Content starts
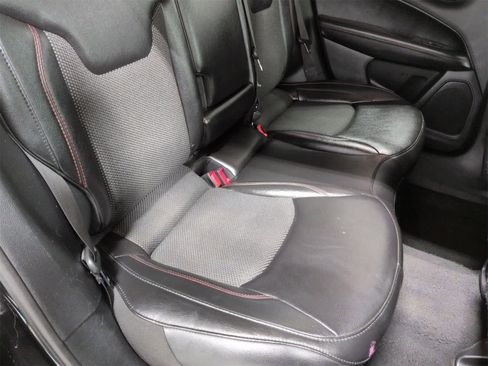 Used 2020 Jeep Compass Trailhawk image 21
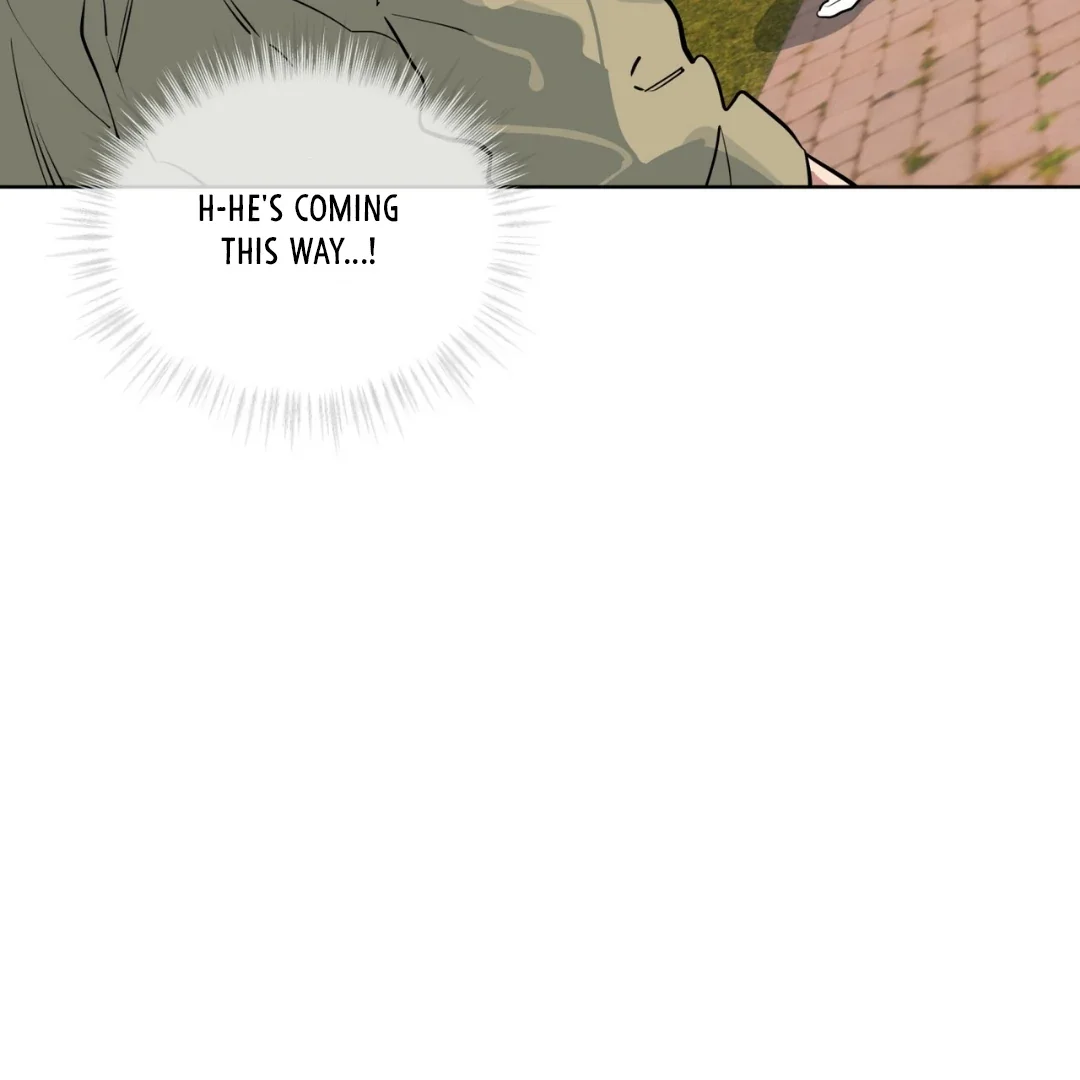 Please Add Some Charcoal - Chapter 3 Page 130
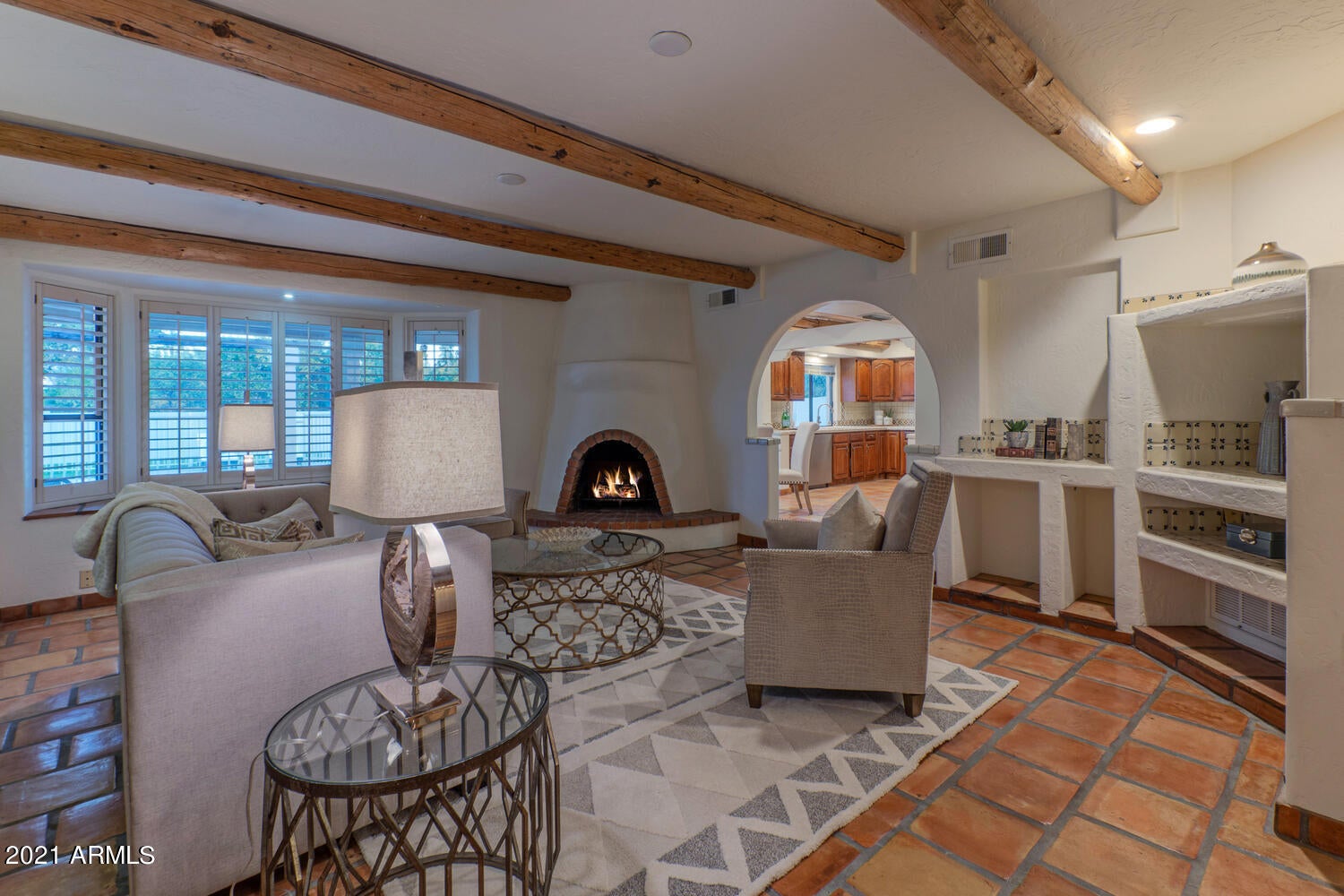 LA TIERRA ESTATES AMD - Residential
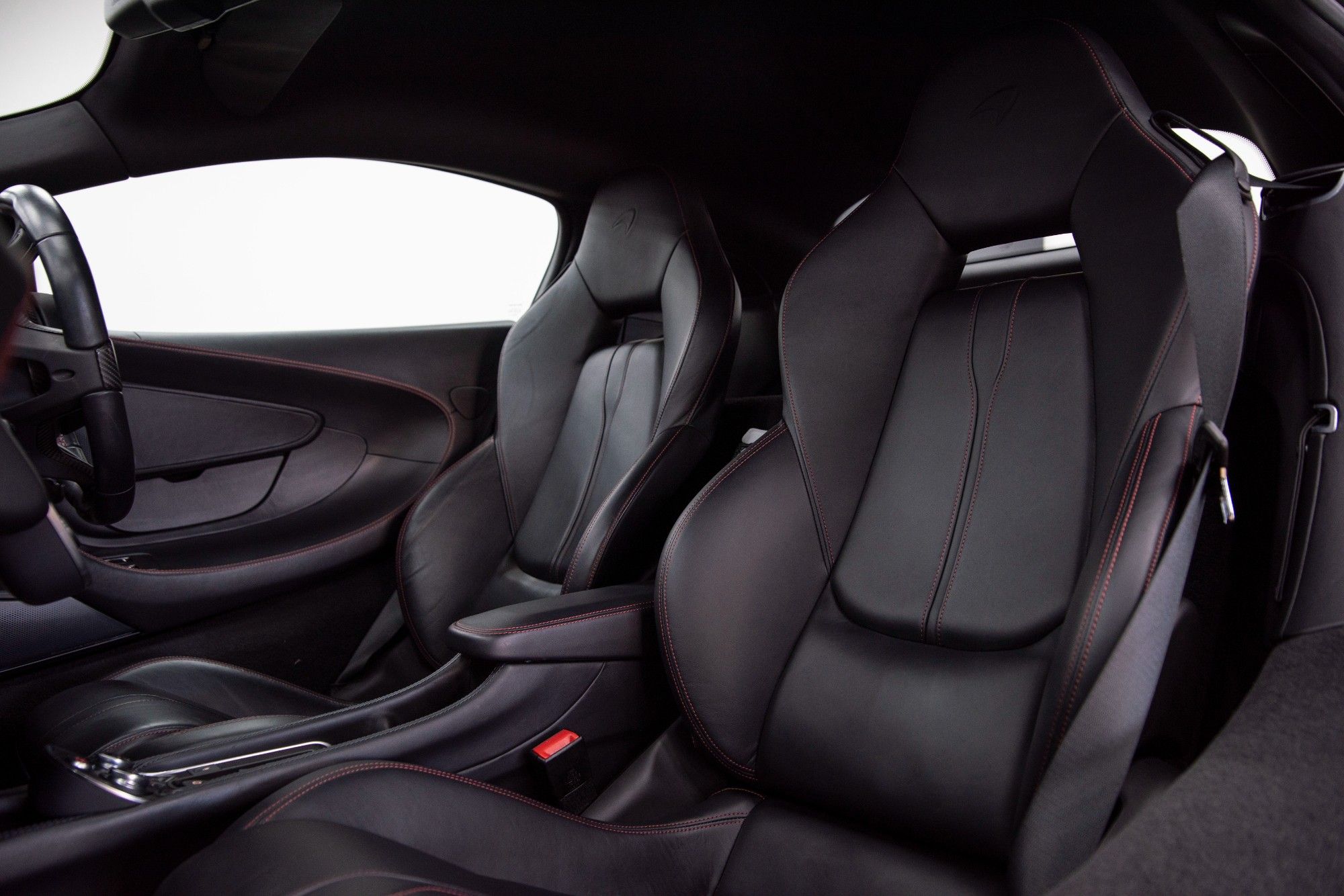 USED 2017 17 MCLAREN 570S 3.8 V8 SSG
Content ends
Problem description
All of the data above must be printed exactly, minus its pictures.

Response
 Used 2020 Jeep Compass Trailhawk image 21
 Please Add Some Charcoal - Chapter 3 Page 130
 LA TIERRA ESTATES AMD - Residential
 USED 2017 17 MCLAREN 570S 3.8 V8 SSG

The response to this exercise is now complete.